Author Note: I don’t know why, at this point, I didn’t get my keys and leave. I think it had something to do with living on my own, and feeling like this was somehow a test for adulthood that I needed to pass. Or maybe it’s because I’m bad in a crisis. Whatever the reason, the next thing I did was drag my landline into my closet, close the door, and dial 9-1-1.
Why did I do this? Well, this is where the aforementioned show makes its appearance. In the episode “The One Where the Monkey Gets Away,” Ross’s pet monkey, Marcel, escapes from Monica and Rachel’s apartment. Not knowing what to do, Rachel calls Animal Control.
Not knowing what to do, Joanna calls 911 thinking that Friends certainly wouldn’t lie to her.
“911, what is your emergency?”
“Squirrel! Squirrel in my apartment!”
“Oh dear,” A true professional, the operator’s voice remained deadpan. “That is a problem.”
“Can you connect me to Animal Control?” I cried, now hyperventilating from adrenaline and shock. My mouth tasted like I’d been sucking on a penny.
“They’re closed now, dear, but if you give me your address, I’ll send help.”
I recited my address and hung up the phone to wait, relief flooding over me. Help was on its way.
The sounds from my kitchen were getting louder, the knocks against the window, the sound of little feet running across my dishes (I would never cook in that kitchen again), the shattering of pottery as my peace lily was knocked off its home atop the table.
I put on my shoes—Steve Madden stacked penny loafers (again, the 90s)—and waited on the landing until I heard the wail of sirens and saw the flashing lights of a fire truck pulling up to my building. Moments later, five burly, fully-suited firefighters were at my door. One was holding a fire extinguisher. I had an out-of-body moment before a crash from the kitchen brought me back to reality. This was not a rom-com meet-cute. This was definitely not an episode of Friends. This was a Crazy Cat Lady story, one these first responders would recount later, starting with: “You won’t believe the whackjob call we got tonight….”
I pointed, and they stomped through the apartment heading for the kitchen. The hallway was so narrow they had to move in a single file formation. The squirrel, perhaps sensing that the odds had turned against him, made a break for it, streaking between their booted feet and racing up the living room wall, doing his Spiderman act across my fireplace mantle.
Instinctively, I resumed my perch on the back of the couch. One of the firefighters turned to me. “Ma'am,” he said matter-of-factly, “Squirrels always climb to the tallest point available.” He pointed to the couch, my four-inch heels, and the towel wrapped around my head. “Right now, that’s you.”
I got down. The squirrel raced back to the kitchen, the firefighters right behind him. I heard a thunk! and a whoosh! and then… silence.
The parade of firefighters tromped past me, and out the front door. The last to leave was holding the squirrel, now coated in blue foam, in his gloved hands. It twitched as it went by, possibly waving its little squirrel fist at me in fury. “You’ve won this time,” I imagined it calling, as it disappeared into that long, dark, rodent night. “But I’ll be back. I’ll…. Beeeeee….. Back…..”
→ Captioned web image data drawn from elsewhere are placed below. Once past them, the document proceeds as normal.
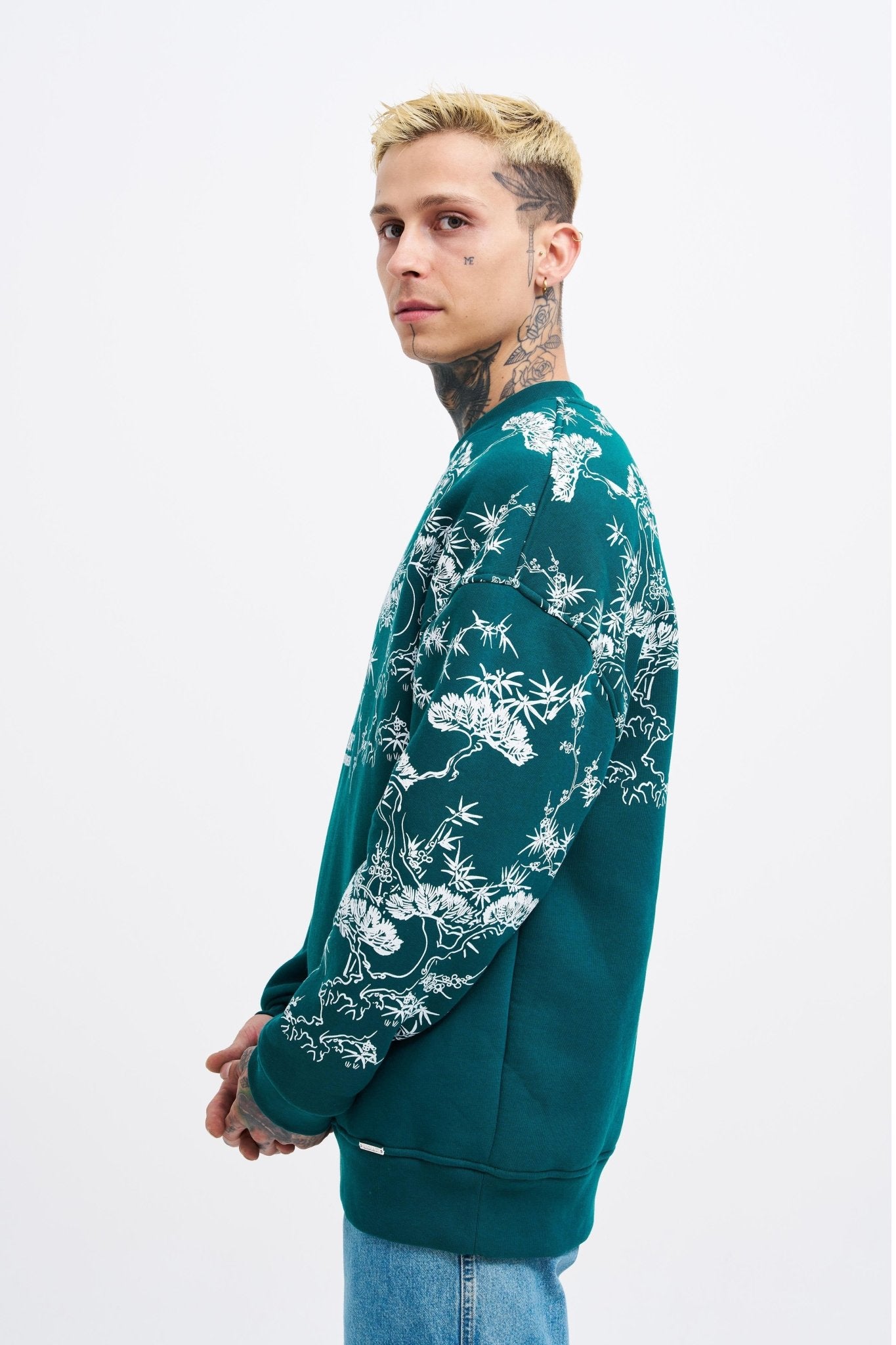 Erkek Dragon Printed Sweatshirt Yağ Yeşili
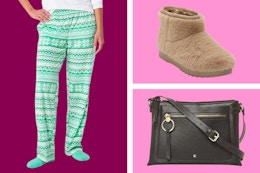 JCPenney clearance pajama pants, boots, and bag. 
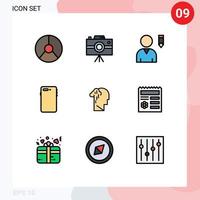 9 Thematic Vector Filledline Flat Colors and Editable Symbols of depression back professional camera mobile phone Editable Vector Design Elements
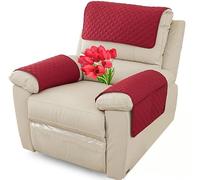 MeRcri Housse D'appui-Tête pour Meubles, Housse D'accoudoir, Canapé 2/1/3 Places avec Accoudoirs Housse de Protection pour Appuie-Tête de Chaise Inclinable (Color : Rouge, Size : 3 Pieces(1xpocket))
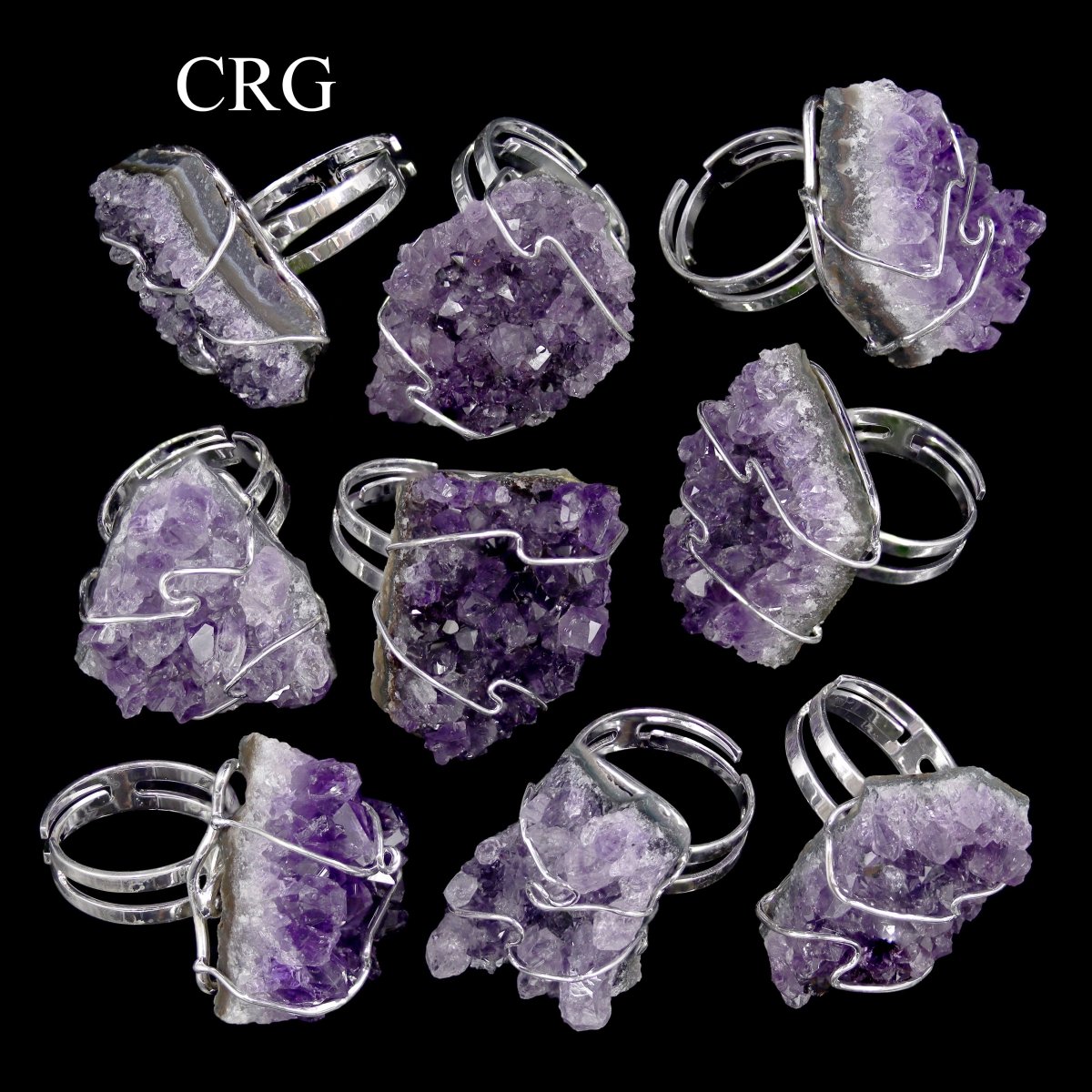 Amethyst Druzy Ring - Silver Plated / Adjustable Size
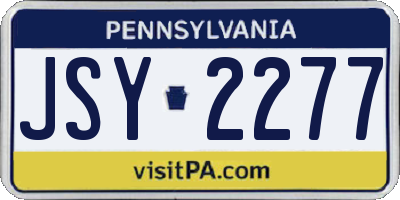 PA license plate JSY2277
I moved out a few weeks later. It turned out that my hall closet had a hole to the attic in it, and the attic itself had several holes in the roof. My squirrel visitor had fallen through the hole in the roof, then again through the hole in my linen closet, knocking the door open and depositing him into my apartment.
There you have it. The Squirrel Story, in all its humiliating glory. The lesson? Do not take advice from the show Friends. You will feel silly. Also, it’s thirty years later and I still think squirrels look at me funny. As if they are plotting, waiting for the right time…. for revenge.